→ **Problem details**: The whole listing should be given back without any alteration.

→ **Data**:
● ● ● ●

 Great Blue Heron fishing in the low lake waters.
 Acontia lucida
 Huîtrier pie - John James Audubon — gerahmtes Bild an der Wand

● ● ● ●

→ **The answer**:
 Great Blue Heron fishing in the low lake waters.
 Acontia lucida
 Huîtrier pie - John James Audubon — gerahmtes Bild an der Wand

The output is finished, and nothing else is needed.